However, if we attempt to trace out only a few of the constituent parts belonging to the whole structure of technological “enframing” (Ge-Stell) just a year later from the counter-example offered above, we would see that the pilots are not in the cockpit and the flight attendants have been laid off, only a few customers are in their seats and most of the plane is empty, the mechanics are in the hangers taking the planes apart rather than getting them ready for takeoff belted in, the ticketing agents have been furloughed, the tower is running on a skeleton staff, the transportation agencies have fired most of the drivers and the hotels are less than 40 percent occupancy, the corporations have canceled their meeting and are doing it via Zoom, the tourist companies are closed for the season, and the ship is rusting below the waterline and has to be dry-docked in Rotterdam, and all the destinations along the Rhine are under quarantine and closed to all tourism.
What the counterexample reveals is a major fault line in Heidegger’s argument concerning the essential power revealed by technology—and by the whole structure of the global economy—as an unlimited and over-powering nature that was projected based on atomic energy in the 1950s, and which had only, as its furthest and most external limit, the end of the world brought about in a nuclear holocaust.
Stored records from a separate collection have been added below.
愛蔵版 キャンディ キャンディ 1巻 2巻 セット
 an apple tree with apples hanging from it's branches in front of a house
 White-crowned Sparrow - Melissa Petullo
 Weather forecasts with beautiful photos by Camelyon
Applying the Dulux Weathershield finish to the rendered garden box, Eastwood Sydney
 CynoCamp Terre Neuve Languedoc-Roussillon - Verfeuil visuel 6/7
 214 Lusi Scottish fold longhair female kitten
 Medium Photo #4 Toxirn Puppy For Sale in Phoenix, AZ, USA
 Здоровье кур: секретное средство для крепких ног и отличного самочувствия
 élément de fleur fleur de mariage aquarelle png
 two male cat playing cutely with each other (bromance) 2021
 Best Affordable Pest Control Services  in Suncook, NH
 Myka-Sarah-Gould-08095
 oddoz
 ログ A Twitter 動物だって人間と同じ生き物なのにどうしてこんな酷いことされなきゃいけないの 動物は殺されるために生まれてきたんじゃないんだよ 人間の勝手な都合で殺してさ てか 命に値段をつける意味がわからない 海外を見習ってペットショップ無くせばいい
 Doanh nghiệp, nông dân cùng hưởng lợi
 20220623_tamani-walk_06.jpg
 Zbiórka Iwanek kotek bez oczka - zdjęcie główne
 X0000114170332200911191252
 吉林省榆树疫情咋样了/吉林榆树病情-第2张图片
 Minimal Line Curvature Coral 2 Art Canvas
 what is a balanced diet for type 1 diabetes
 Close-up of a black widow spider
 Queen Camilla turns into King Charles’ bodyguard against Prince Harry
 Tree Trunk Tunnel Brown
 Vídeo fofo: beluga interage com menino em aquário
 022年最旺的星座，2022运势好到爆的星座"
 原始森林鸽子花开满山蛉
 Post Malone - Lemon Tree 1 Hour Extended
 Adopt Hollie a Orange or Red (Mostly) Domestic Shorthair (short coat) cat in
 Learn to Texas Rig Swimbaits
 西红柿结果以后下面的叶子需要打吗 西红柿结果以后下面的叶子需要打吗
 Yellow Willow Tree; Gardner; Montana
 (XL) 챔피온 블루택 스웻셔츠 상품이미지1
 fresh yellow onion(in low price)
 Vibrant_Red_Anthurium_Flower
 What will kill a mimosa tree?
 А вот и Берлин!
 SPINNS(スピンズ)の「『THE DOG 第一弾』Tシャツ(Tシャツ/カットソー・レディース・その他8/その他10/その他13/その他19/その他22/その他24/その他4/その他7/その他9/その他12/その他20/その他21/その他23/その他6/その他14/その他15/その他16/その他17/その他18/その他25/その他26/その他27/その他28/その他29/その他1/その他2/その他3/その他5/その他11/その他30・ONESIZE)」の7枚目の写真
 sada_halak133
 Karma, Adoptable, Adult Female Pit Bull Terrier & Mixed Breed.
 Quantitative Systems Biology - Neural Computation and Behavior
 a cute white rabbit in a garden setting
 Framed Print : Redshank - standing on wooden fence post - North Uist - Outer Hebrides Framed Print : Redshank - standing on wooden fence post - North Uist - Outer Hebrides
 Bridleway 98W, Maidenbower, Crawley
Today, it is clear to everybody (tout le monde) that the power of technology and economy has crashed into the limit revealed in the power of another nature, perhaps on a molecular level, which is the overpowering nature of life itself. (Concerning this other domain, to his credit, in the 1929 seminar on the concept of world, Heidegger himself admits that life is “a domain of openness which possesses as wealth [i.e., standing reserve] with which the human world may have nothing to compare”). It is not that the “naturing nature” (Natura naturans) that was revealed as the dominant ordering principle of the technological and economic expansion of the postwar boom era, or later, the fundamental mechanism of the era of globalization that followed for the last fifty years, is completely in default. For example, one can still hear the arguments from politicians and technocrats that basically still depict the global economy as a “standing reserve” (Bestand), and that “once the pandemic is over,” the economy in its “whole structure and in all its constituent parts” that have simply been sitting there idling like the airplane on the taxi strip will suddenly receive its order to take off. Even the rise of the global markets during the pandemic, based on hedging bets on the outcomes, holds to this view of the total economy as a standing reserve. And yet, simply based on our counterexample, this does not seem likely, or at least not all at once, if only because a machine cannot function properly when many of its parts are either missing or lost altogether.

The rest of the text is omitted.